Smarter Way to Cross Blog Archives
July 17, 2013

A Canadian bank faced an immigration scandal this past spring when a whistleblower shed light on the bank’s attempt to replace Canada-based workers with outsourced labor via temporary migrant workers. Given the seriousness of this matter, it may be the right time to identify whether your U.S.-based subsidiary, branch, or affiliate is falling victim to an improper use of the H-1B visa program in the United States.

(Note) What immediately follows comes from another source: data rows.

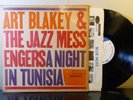 BLUE NOTE - Art Blakey & Jazz Mess - A Night in Tunisia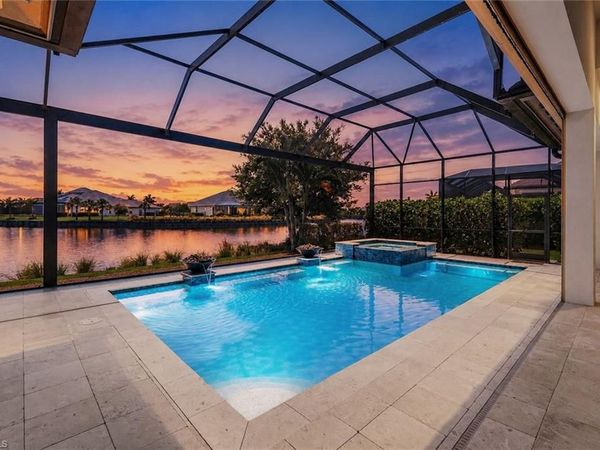 6259 Lightbourn WAY , NAPLES, FL 34113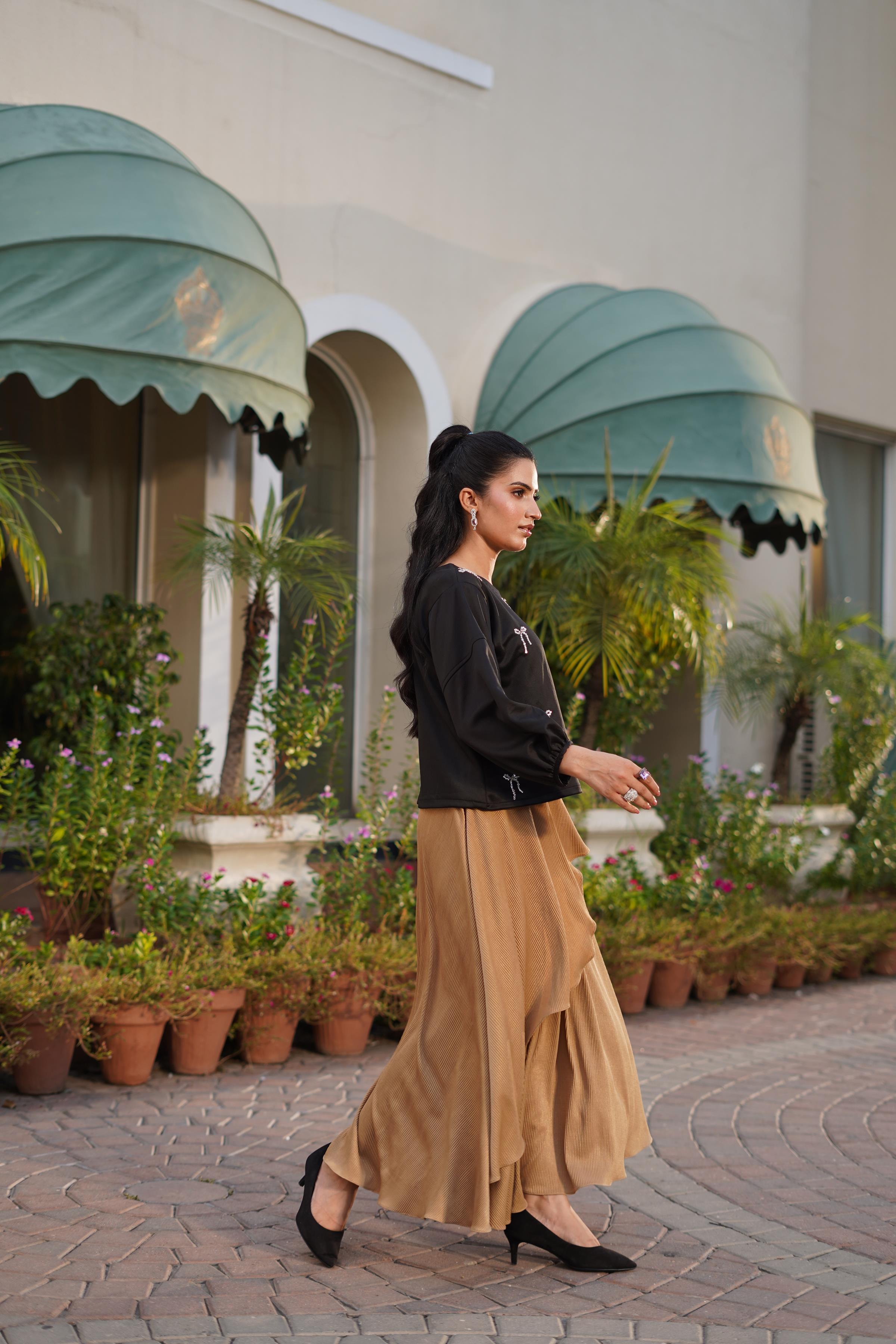 SAHARA SKIRT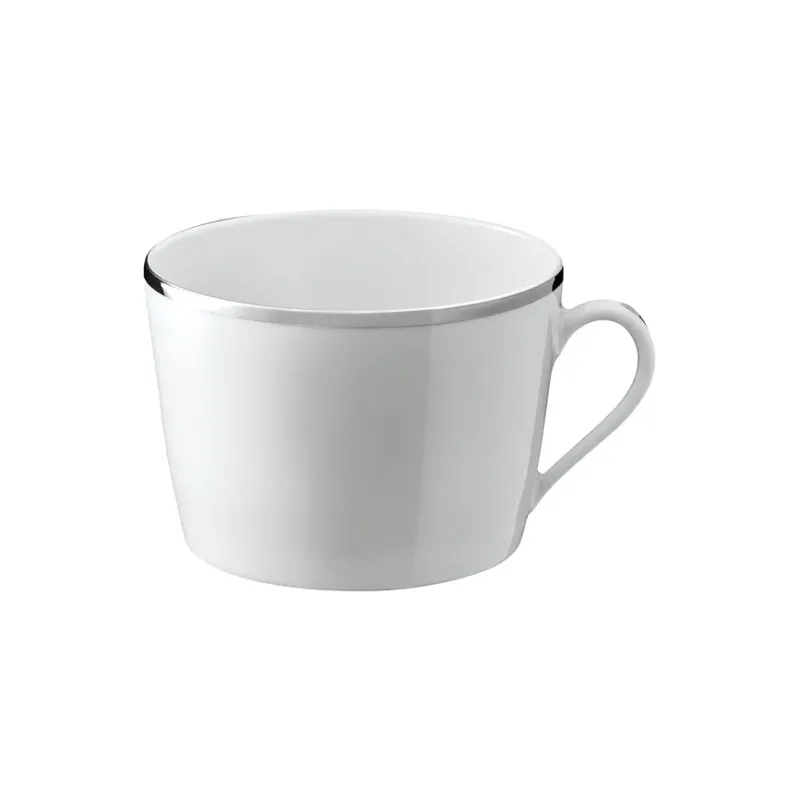 Degrenne - Tazza da Colazione 40 cl Galon Platine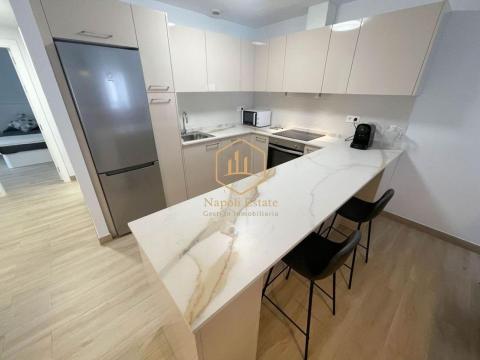 NAPOLI ESTATE | PISO DE OBRA NUEVA CON LICENCIA TURÍSTICA EN LAS LAGUNAS DE MIJAS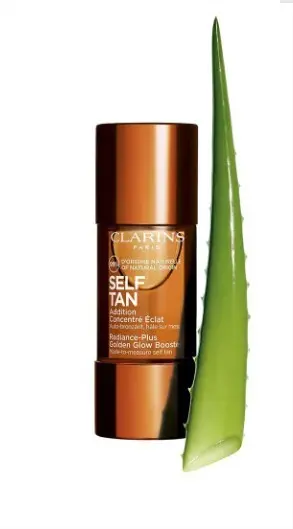 Clarins Addition Concentré Eclat Visage 15ml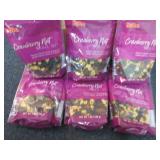 6- 7 oz HyVee Cranberry Nut Trail M...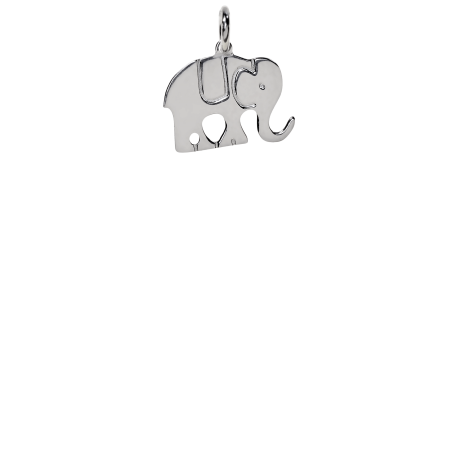 PENDANT -  ELEPHANT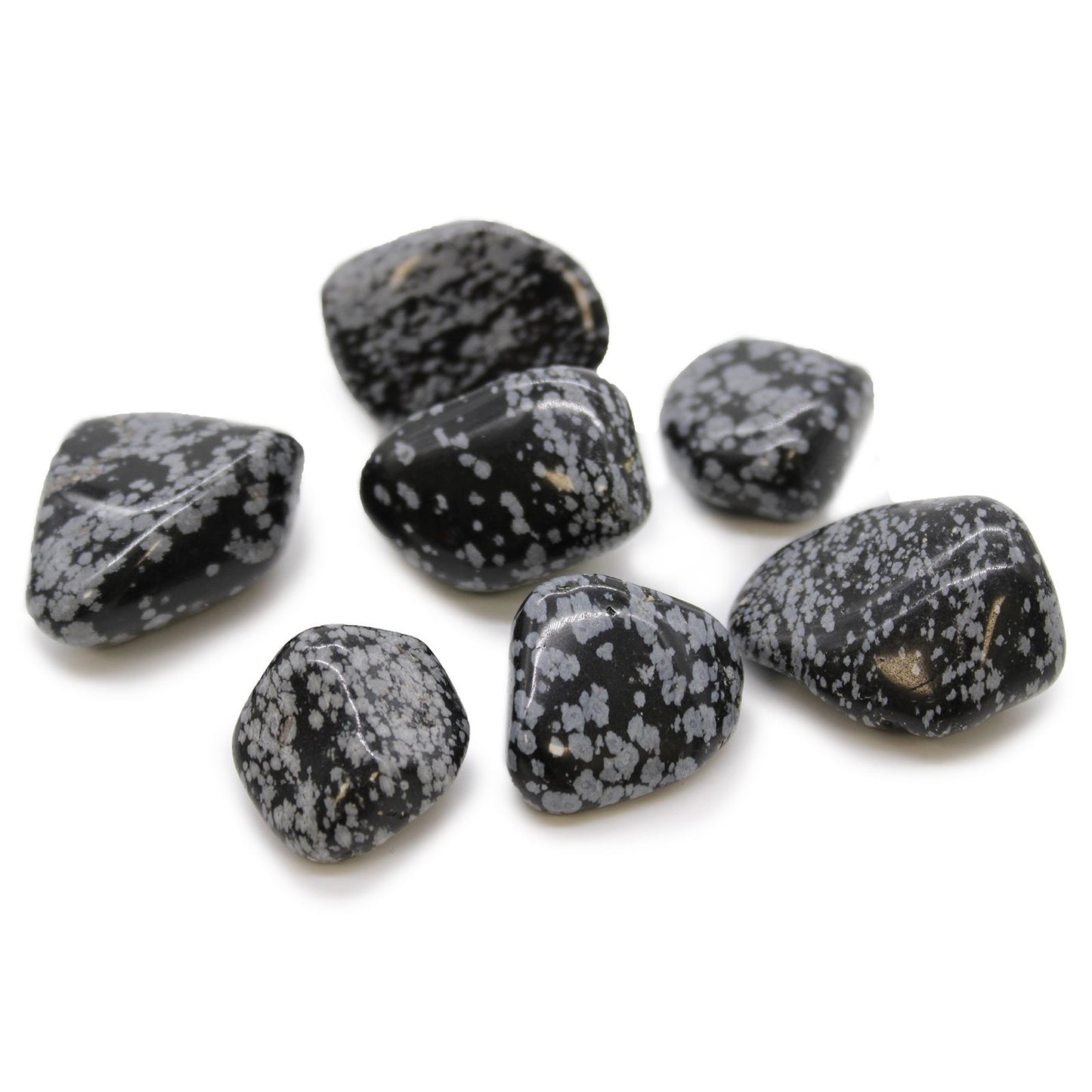 Piedras Naturales XL - Obsidiana Nevada - Piedras Naturales XL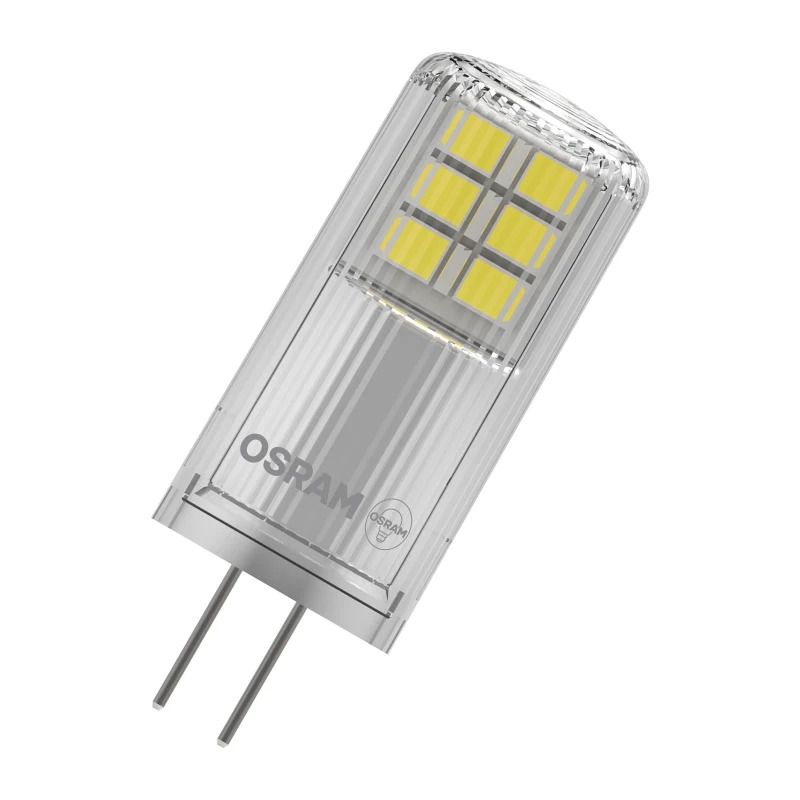 Osram G4 LED Steeklamp | 2W 2700K 12V 827 200Lm | 320° Dimbaar
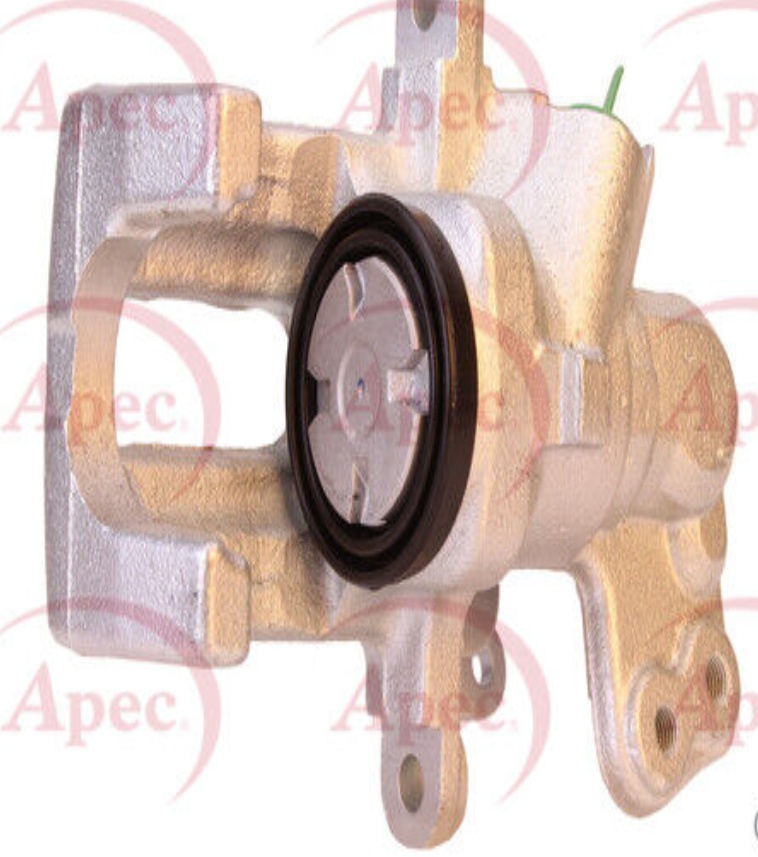 Apec Brake Caliper RCA209N Fits Rover - Engineered for Performance and Long Life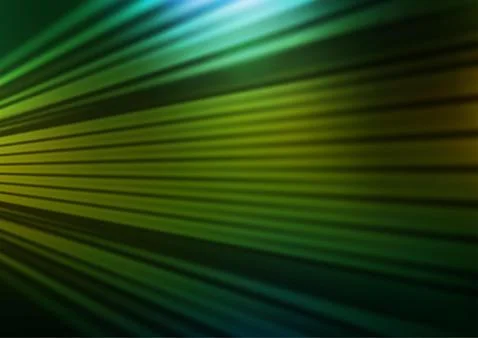 Abstract vector background with colorful gradient. Illustrazione stock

The H-1B regulations define a U.S. employer as “having an employer-employee relationship with respect to employees … as indicated by the fact that it may hire, pay, fire, supervise, or otherwise control the work of any such employee.” The “right to control” is the primary element in establishing an employer-employee relationship. An H-1B petitioner (or corporate sponsor) will need to show that it has the right to control when, where, and how the H-1B employee performs the job. In addition, H-1B petitioners are required to demonstrate the existence of the employer-employee relationship for the duration of the H-1B validity period. In determining whether a corporate sponsor has the “right to control” an H-1B employee, the U.S. Citizenship and Immigration Service (USCIS) will employ a “totality of the circumstances” analysis. 

In January 2010, the USCIS issued guidance regarding requirements for H-1B corporate sponsors. The guidance discussed the employer-employee relationship requirement for H-1B petitions and concluded that many third-party placement companies do not qualify as H-1B sponsors. Take this scenario as an example: an H-1B employee of a computer consulting company is working at your office on a project to maintain your payroll. The H-1B employee is supervised by your company’s management, and all payroll work assignments are determined by your company. In this case, USCIS would likely determine that the computer consulting company had no right to control the H-1B employee and therefore lacked a valid employer-employee relationship with the H-1B employee. Ultimately, this employee may have their H-1B status revoked, and your company is left without the expertise needed to complete the payroll project.

With U.S. unemployment at 7.6 percent, audits of H-1B corporate sponsors are on the rise, which may include an audit of the H-1B employee’s worksite (possibly one of your offices). The management of your U.S.-based business should know whether your U.S. vendors are in compliance with all U.S. immigration regulations so as to not jeopardize any projects for which they are providing services.